Shale play sweet spots won’t stay sweet forever; base production decline is a fact of life, and with projected domestic demand growth, $3 natural gas won’t cut it, Range Resources Corp. CEO Jeff Ventura told a Houston audience Thursday.

“By 2020, projections are that natural gas demand in the United States will increase by about 20%, which is about 14 Bcf/d,” Ventura said at CERAWeek by IHS Markit. Base decline rates in the United States average about 6 Bcf/d per year, he added.

“By year-end 2020, the United States has to have about 24 Bcf/d to offset decline and about 14 Bcf/d to meet incremental demand. So when combined, that's an additional 38 Bcf/d that's needed by 2020.”

The sweet spots of the major plays -- except for the Permian Basin and Marcellus Shale -- will experience “exhaustion” within the next 10 years, Ventura said. Core areas won’t last forever, and higher prices will be needed to incentivise drilling outside the core, Ventura said.

“Altogether, by 2025, the U.S. will have to add about 77 Bcf/d to offset decline and meet incremental demand,” Ventura said. “Dry gas production in the United States is about 71 Bcf/d. The U.S. will have to more than double production from where it is today, no small task. In my opinion, the futures pricing for natural gas is not capturing this.
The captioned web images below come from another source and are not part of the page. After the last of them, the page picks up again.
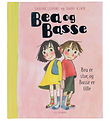 Forlaget Gyldendal Book - Bea And Bass 1 - Bea Is Large And Bass
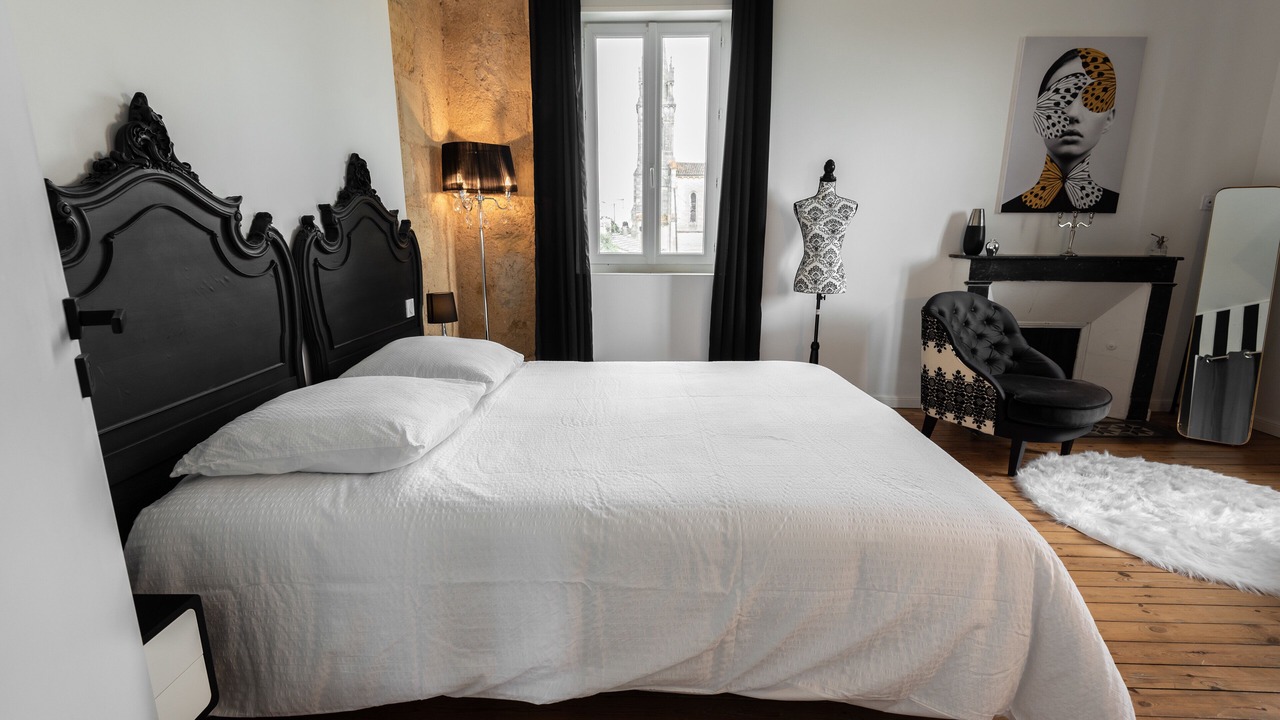 Photo of Bedroom in Le Pian-sur-Garonne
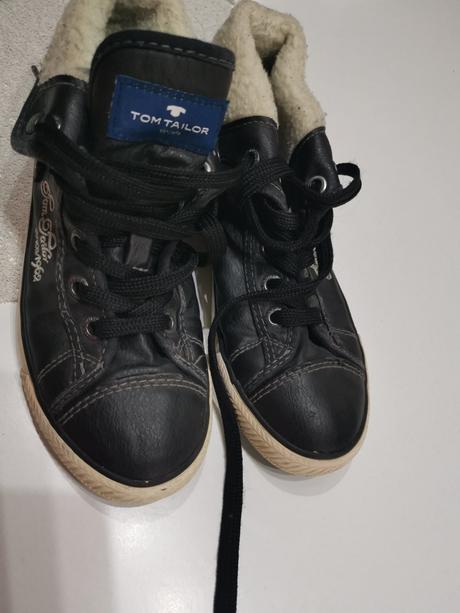 Kozena obuv tom tailor, tom tailor,32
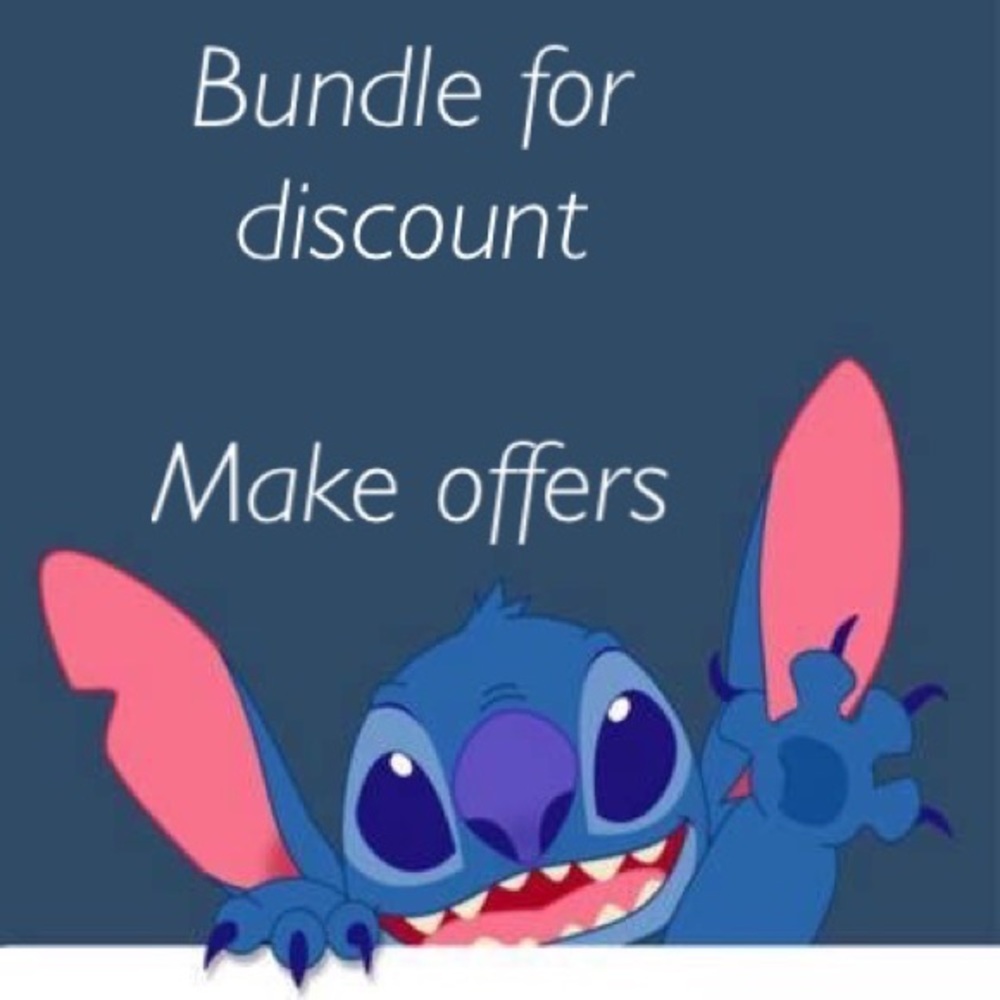 BUNDLE FOR DISCOUNTS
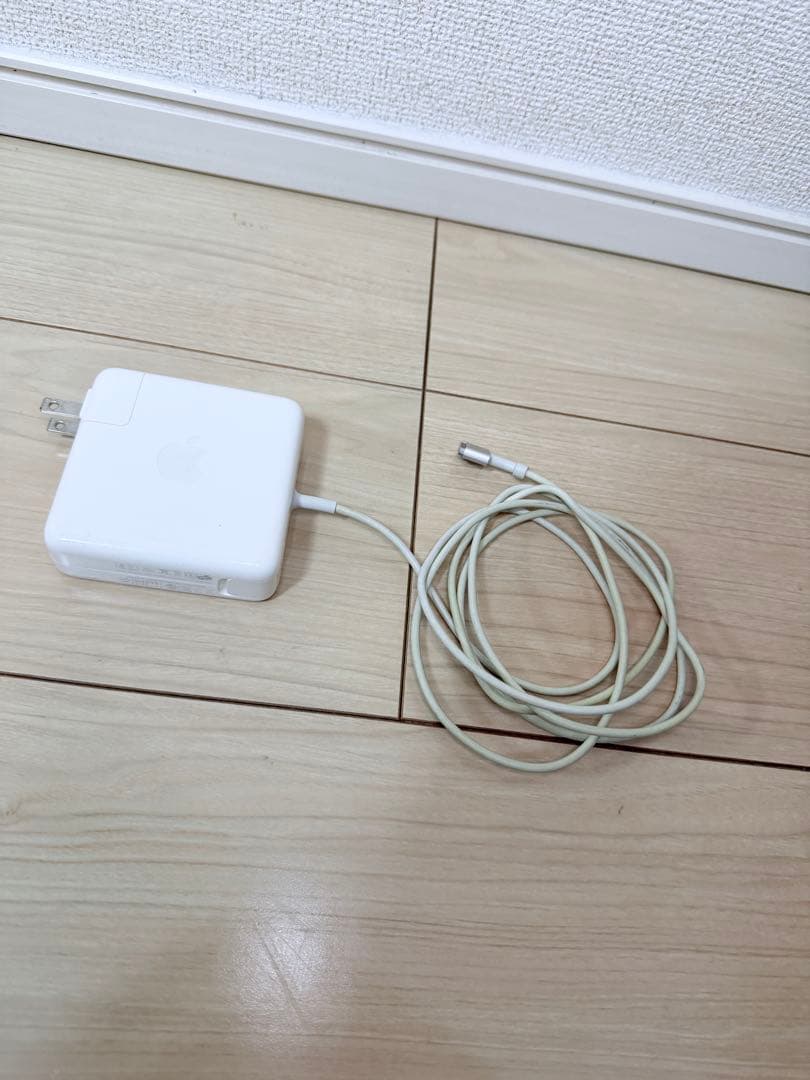 MacBookPro 15インチ/16GB/SSD 512GB/初期化済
“...I believe that the current futures price of less than $3, or roughly $3, for natural gas is too low and a higher price will be required to incentivise drilling in noncore areas in order to meet future demand. The good news for natural gas consumers is that on an energy equivalent basis, $3 gas is a Btu equivalent of $18/bbl oil, so there's ample room for the price to increase without impairing its cost competitiveness.”